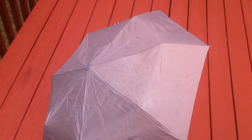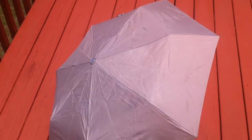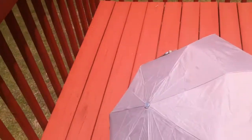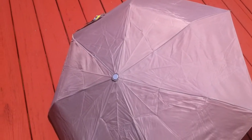I put NeverWet on an umbrella. You might think: what's the point, since umbrellas are already waterproof? But have you walked around holding a wet umbrella after it rained? So I'm going to pour some water on this umbrella — let's coat it with NeverWet.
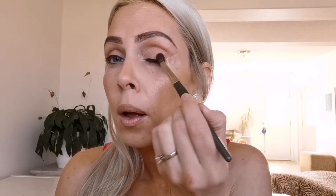Okay, the tape is on. This very well could go horribly wrong, but we're going to try it out anyway. So I just used some regular scotch tape, and I'm going to go in first with the color Naked from the first Urban Decay eyeshadow palette. I'm just going to go all over the lid, a little bit on the tape.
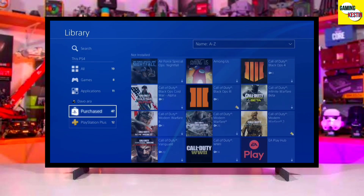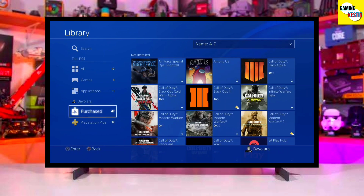Hey guys, this is your friend Keston, and in this video we are going to be talking about how you can jailbreak your PS4 11.00 with GoldHEN very easily.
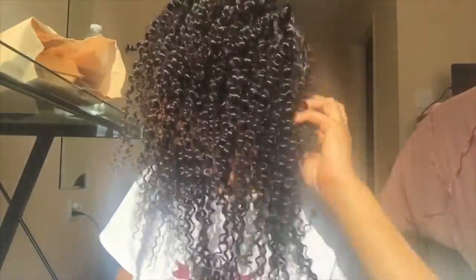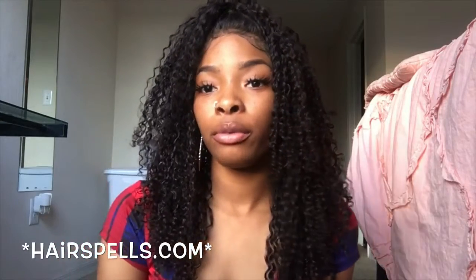I wanted to show you guys how I applied my wig using the stocking cap method. I also wanted to show you how thin the hair looks before you wash it. Now let me get into my review.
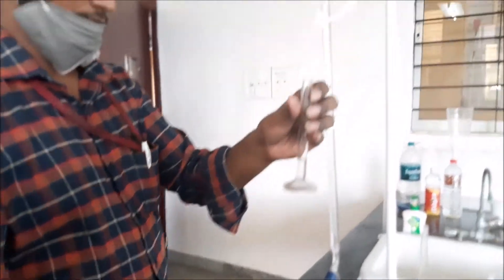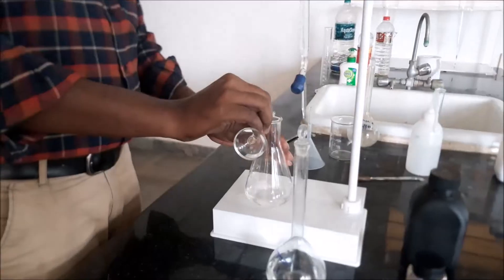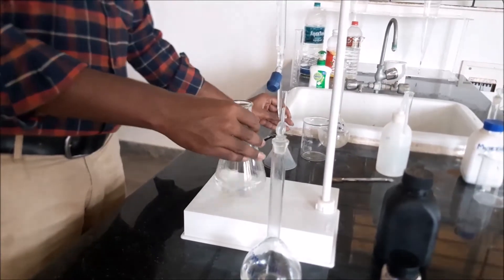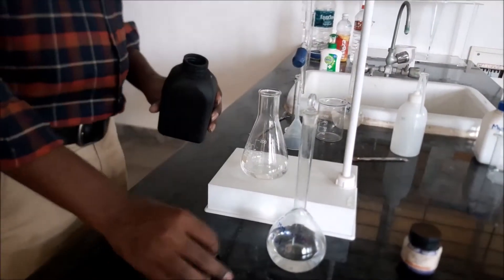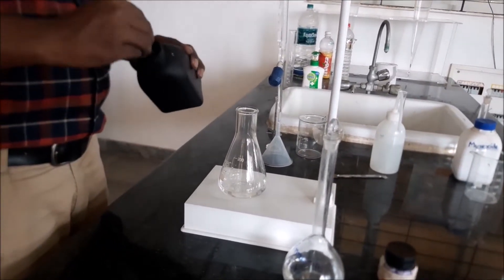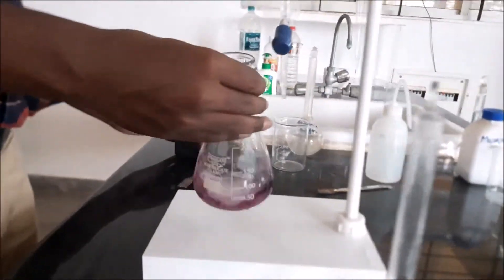2 ml of ammonia buffer solution is added to the sample before adding the indicator. This helps in showing the change in colour for the sample. Now the indicator Eriochrome Black T is added — a pinch of Eriochrome Black T — and there is a slight change in colour which turns to wine red.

__Exercise brief__
Keeping the pictures out, print the entries above exactly as written.

__Written reply__
I put NeverWet on an umbrella. You might think: what's the point, since umbrellas are already waterproof? But have you walked around holding a wet umbrella after it rained? So I'm going to pour some water on this umbrella — let's coat it with NeverWet.
Okay, the tape is on. This very well could go horribly wrong, but we're going to try it out anyway. So I just used some regular scotch tape, and I'm going to go in first with the color Naked from the first Urban Decay eyeshadow palette. I'm just going to go all over the lid, a little bit on the tape.
Hey guys, this is your friend Keston, and in this video we are going to be talking about how you can jailbreak your PS4 11.00 with GoldHEN very easily.
I wanted to show you guys how I applied my wig using the stocking cap method. I also wanted to show you how thin the hair looks before you wash it. Now let me get into my review.
2 ml of ammonia buffer solution is added to the sample before adding the indicator. This helps in showing the change in colour for the sample. Now the indicator Eriochrome Black T is added — a pinch of Eriochrome Black T — and there is a slight change in colour which turns to wine red.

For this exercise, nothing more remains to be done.